Production deployment requires proper secret management. Use AWS Secrets Manager, Vercel environment variables, or Cloudflare Workers secrets to store the GitHub token securely.

Real-time Data Processing Server

This example shows how to build an MCP server that processes streaming data, useful for analytics or monitoring applications:

// streaming-analytics-server.ts
import { McpServer } from "@modelcontextprotocol/sdk/server/mcp.js";
import { CloudWatchLogsClient } from "@aws-sdk/client-cloudwatch-logs";

const logsClient = new CloudWatchLogsClient({});
const server = new McpServer({
  name: "log-analytics",
  version: "1.0.0"
});

server.tool(
  "analyze_logs",
  "Analyze CloudWatch logs in real-time",
  {
    logGroup: z.string(),
    startTime: z.string().datetime(),
    pattern: z.string().optional(),
    limit: z.number().default(1000)
  },
  async ({ logGroup, startTime, pattern, limit }) => {
    // Set up streaming response
    const encoder = new TextEncoder();
    const stream = new ReadableStream({
      async start(controller) {
        let nextToken;
        let totalEvents = 0;
        
        do {
          const response = await logsClient.filterLogEvents({
            logGroupName: logGroup,
            startTime: new Date(startTime).getTime(),
            filterPattern: pattern,
            limit: Math.min(limit - totalEvents, 100),
            nextToken
          });
          
          // Stream results as they arrive
          for (const event of response.events || []) {
            const chunk = encoder.encode(
              JSON.stringify({
                timestamp: new Date(event.timestamp),
                message: event.message
              }) + '\n'
            );
            controller.enqueue(chunk);
            totalEvents++;
          }
          
          nextToken = response.nextToken;
        } while (nextToken && totalEvents < limit);
        
        controller.close();
      }
    });
    
    return {
      content: [{
        type: 'stream',
        mimeType: 'application/x-ndjson',
        stream
      }]
    };
  }
);

Streaming responses reduce memory usage and provide real-time feedback for long-running operations.

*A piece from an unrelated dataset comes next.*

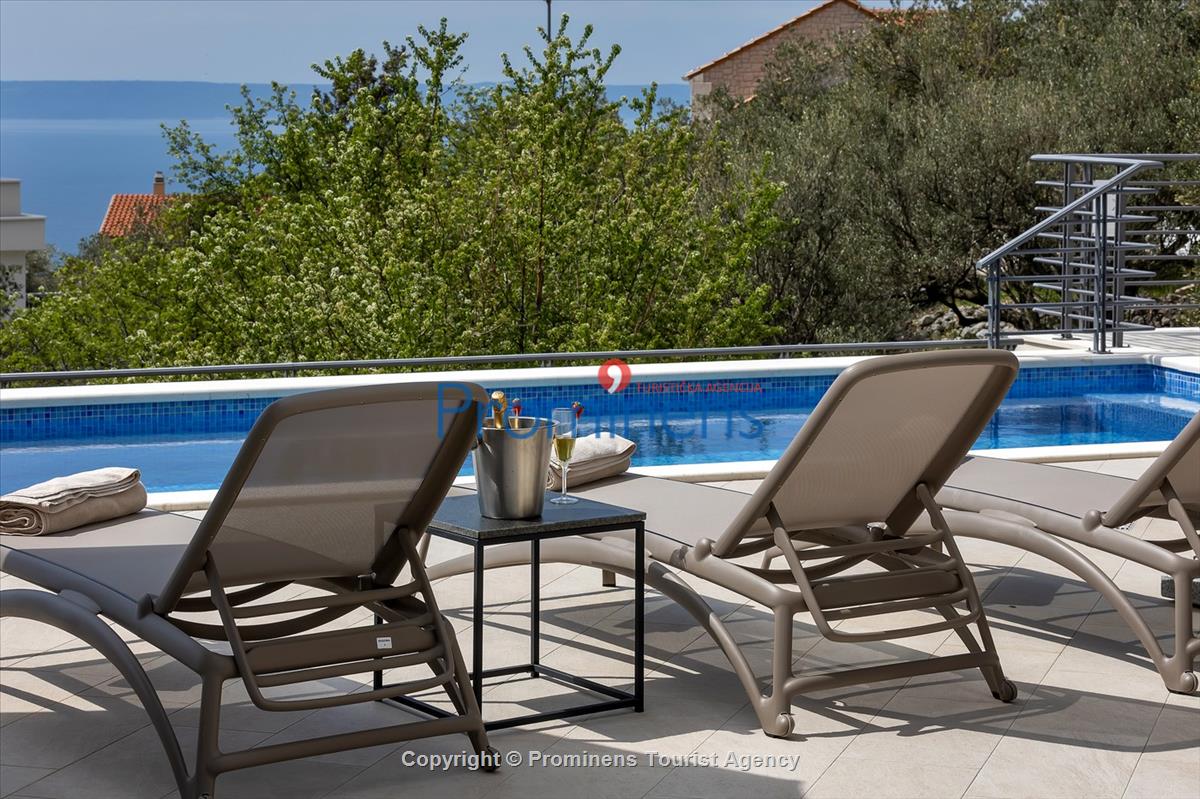 Ferienhaus Villa Oscar in Makarska mit beheiztem Pool, Whirlpool, Terrasse und Meerblick- ruhiger Familienurlaub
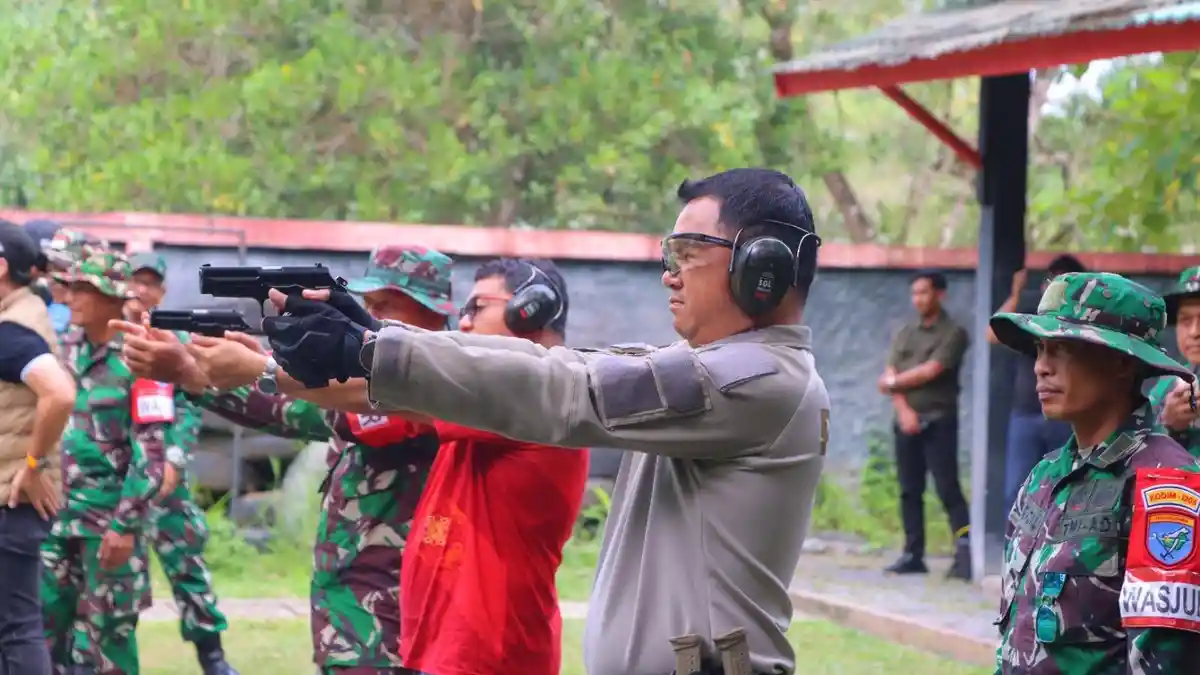 Perkuat Sinergitas, Kapolres Sintang Hadiri Latihan Tembak Bersama Forkopimda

The NDJSON format allows clients to process results incrementally.

[Screenshot: Example of streaming log analysis results in an AI assistant interface]

These examples demonstrate the flexibility of serverless MCP servers. Whether building simple tools or complex integrations, the combination of StreamableHTTP transport and serverless platforms provides a scalable, cost-effective solution for extending AI capabilities.